Many people who have read one or more Gospels do not realize a fundamental aspect of Jesus' life: He was a practicing Jew. He and all of His disciples followed the Law. The Last Supper, after all, was a Passover feast. So — why did the Pharisees accuse Him of breaking it so often? To understand it, one needs to understand several aspects of Judaism in 30 A.D.
The scribes, who were a class of specially educated men, became the keepers of the Law, the professors of ancient Judaism; somebody had to be able to read the Torah, after all, and the job naturally fell to those who learned to read and write as part of their occupation. In the thousand years before Christ was born, the scribes evolved from being secretaries to being teachers.
But as men will do, they were not satisfied with reading what was written, and began to interpret it. If a man was unsure what he might do on the Sabbath, who could he ask? He had to ask a scribe. And if the Law was not clear, the scribe would reason something out.

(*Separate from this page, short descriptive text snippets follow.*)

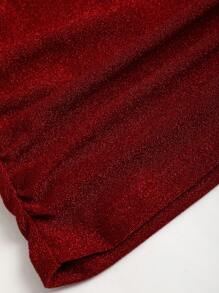 Sweetra 勃艮第金线和银色丝滑柔软面料 V 领褶皱露背背心和高开叉百褶裙 2 件套，时尚简约优雅，适合约会、聚会、派对、女士、春夏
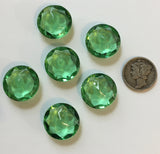 Vintage 18mm Peridot Green Double Faceted Glass Jewels - Set of Six (6)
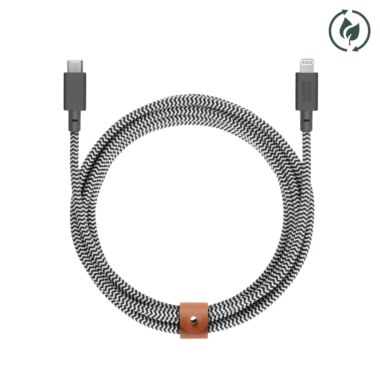 Native Union Cable USB-C to Lightning | Belt Leather Strap | 3M - Zebra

There was no baleful intention here and they took it seriously, consulting other scribes and trying to find out if someone else had already answered the question.
These interpretations grew and grew, slowly evolving into an vast and detailed body of secondary, oral law. Those with strong attachment to these oral laws became the Pharisees. By the time of Christ, they were organized, influential, and powerful, especially in the countryside of Judea outside JerusalemThe Sadducees were centered in Jerusalem itself and predominated there. Annas and Caiphas were Sadducees..

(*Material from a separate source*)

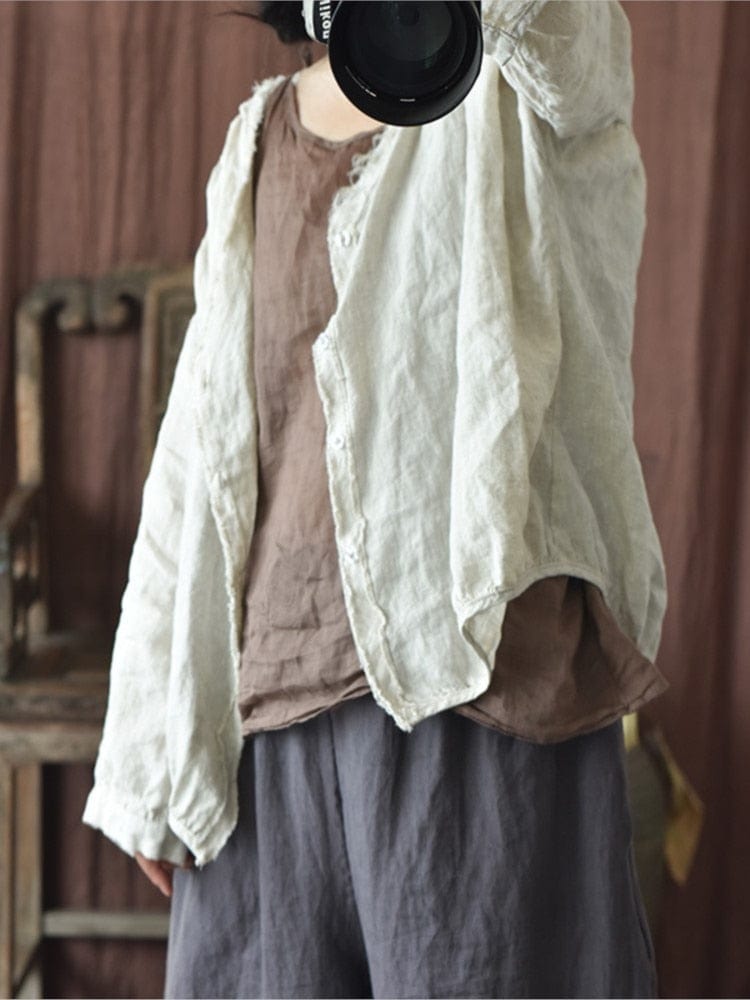 Buddhatrends Beige / One Size Loose Linen Ripped Coat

The actual law about the Sabbath is neither long nor precise. (Exodus 20:8-10) The oral law of the Pharisees, by contrast, contained hundreds of nit-picking rules. First-aid was allowed but treatment was forbidden. A Jew could bandage a fresh wound on the Sabbath, but could not put ointment on it.
Thus Christ, when he healed a man's withered hand on the Sabbath, did not transgress the law, but did transgress the Pharisees' oral interpretation. This exemplifies a much broader issue between Him and the Pharisees, the difference between technical compliance with the letter of the Law, and spiritual compliance with the intention of the Law.
. . . continued tomorrow.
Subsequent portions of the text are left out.